Rising house prices and increased turnover in the property market would also be modestly positive for existing UK RMBS transactions. The Royal Institution of Chartered Surveyors (RICS) said Tuesday that the balance of surveyors reporting an increase in house prices last month had hit its highest level since June 2002.
Borrowers who struggled to make payments would be more inclined to try and resume repayments if they were not in negative equity, and could potentially sell their house to repay their loan. The post-crisis rise in UK mortgage arrears stabilised in 2010 when house prices bottomed out, suggesting a connection between prices and arrears levels.
Similarly, banks selling repossessed properties would recover more of their original advance in a rising and busier market, not just because prices are higher but because forced sale discounts would be lower.
By increasing the availability and lowering the cost of high LTV lending, the government mortgage guarantee scheme arguably poses risks to the longer-term performance of the UK mortgage market, by encouraging riskier lending.
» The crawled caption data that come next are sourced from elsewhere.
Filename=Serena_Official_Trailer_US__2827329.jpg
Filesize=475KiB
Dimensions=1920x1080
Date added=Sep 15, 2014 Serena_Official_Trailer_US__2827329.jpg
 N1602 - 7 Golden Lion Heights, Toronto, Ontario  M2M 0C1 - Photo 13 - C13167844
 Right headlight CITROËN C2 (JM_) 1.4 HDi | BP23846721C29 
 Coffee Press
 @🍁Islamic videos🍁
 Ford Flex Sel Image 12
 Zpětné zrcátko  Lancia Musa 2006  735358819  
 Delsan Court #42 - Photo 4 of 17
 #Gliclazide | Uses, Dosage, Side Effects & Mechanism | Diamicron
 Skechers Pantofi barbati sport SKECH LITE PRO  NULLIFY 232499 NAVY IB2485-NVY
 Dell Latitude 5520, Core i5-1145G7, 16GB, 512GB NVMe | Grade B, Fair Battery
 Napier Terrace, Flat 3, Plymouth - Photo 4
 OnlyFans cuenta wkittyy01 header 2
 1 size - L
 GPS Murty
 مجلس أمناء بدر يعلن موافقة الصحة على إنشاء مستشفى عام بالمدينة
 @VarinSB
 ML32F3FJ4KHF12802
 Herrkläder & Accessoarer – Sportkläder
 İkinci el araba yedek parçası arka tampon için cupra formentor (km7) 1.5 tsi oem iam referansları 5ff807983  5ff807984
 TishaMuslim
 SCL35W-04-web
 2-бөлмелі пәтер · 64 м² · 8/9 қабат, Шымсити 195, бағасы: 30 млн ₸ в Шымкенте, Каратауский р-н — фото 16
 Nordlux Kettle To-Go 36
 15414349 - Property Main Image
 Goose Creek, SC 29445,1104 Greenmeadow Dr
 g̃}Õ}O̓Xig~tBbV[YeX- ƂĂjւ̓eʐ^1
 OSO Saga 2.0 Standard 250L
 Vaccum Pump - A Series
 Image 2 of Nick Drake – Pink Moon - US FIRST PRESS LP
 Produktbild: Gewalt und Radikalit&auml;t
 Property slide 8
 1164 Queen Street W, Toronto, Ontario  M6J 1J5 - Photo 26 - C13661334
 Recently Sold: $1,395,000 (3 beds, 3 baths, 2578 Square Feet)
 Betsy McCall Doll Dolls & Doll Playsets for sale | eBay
However, we think these risks are mitigated by certain provisions in the scheme. These include affordability tests, the limited duration of the scheme, which will last for three years, and the fact that lenders are still exposed to some losses, and that once a lender provides a guaranteed mortgage product at a particular LTV, all of its lending at that LTV has to be guaranteed, limiting adverse selection. Nor can borrowers use the guarantee to re-mortgage with the same lender or to finance second homes or buy-to-let properties. In addition, the scheme is going to be monitored by the Financial Policy Committee at the Bank of England for its potential of raising systemic risk.
The UK government has announced that part 2 of Help-To-Buy will start this week, earlier than the original plan of January 2014. Part 1, where the government provides an equity loan worth up to 20% of the value of a new build home, repayable when that home is sold, has been in operation since April.